Chiffres clés : plus de 60 parcs, jardins et complexes sportifs équipés d'un système d'arrosage intelligent, dont les 30 plus gros consommateurs d'eau. 250 arbres d'alignement et arbres « signaux » (qui doivent marquer durablement le paysage) surveillés. 27 000 m3 d'eau économisés malgré les sécheresses en 2022-2023, soit l'équivalent de 10 piscines olympiques.
Le taux de mortalité des arbres plantés a reculé de 60 % en moyenne.
Sécurité et prévention
Objectif : améliorer la qualité du service de vidéosurveillance avec une centralisation de l'information.
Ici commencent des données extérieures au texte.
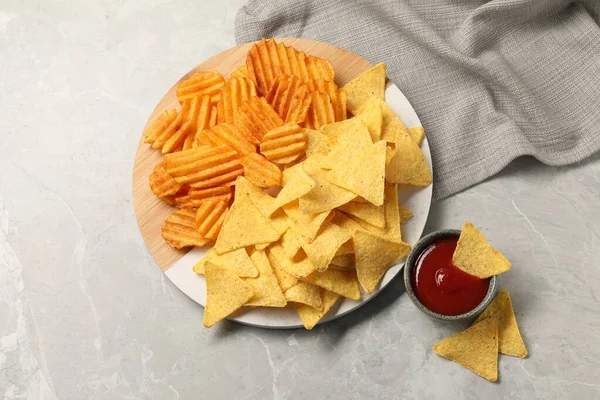 Lekkere Ketchup Met Geribbelde Tortilla Chips Grijze Tafel Vlakke Lay — Stockfoto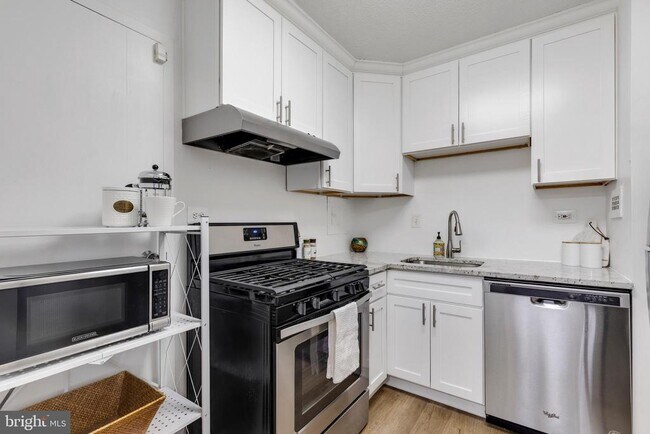 Building Photo - 2030 N Adams St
Chiffres clés : 450 caméras intégrées ; 180 bâtiments surveillés en intrusion ; 21 bâtiments, dont 6 sensibles, sous contrôle d'accès.
Eau et assainissement
Objectif : expérimenter, dans les communes de Bouchemaine et Briollay, la régulation automatisée de la pression d'eau dans les canalisations afin de diminuer le volume des fuites et la fréquence de renouvellement des canalisations.
Chiffres clés : l'expérimentation, lancée en 2025, vise à réduire de 20 % le taux de fuites.
Déchets
Objectif : optimiser les tournées de collecte et sécuriser les flux de véhicules sur les plateformes.
Chiffres clés : 90 000 badges d'accès délivrés aux usagers, 70 sondes de remplissage installées sur les conteneurs de verre. Lors de l'expérimentation, le taux de remplissage entre tournées des conteneurs de verre a été optimisé de 30 %.
Signalisation lumineuse tricolore
Objectif : mieux connaître les flux de déplacements pour pouvoir adapter les plans de feux.
Chiffres clés : rénovation de 132 carrefours à feux intégrant les besoins des vélos, piétons et PMR (41 réalisés à ce jour).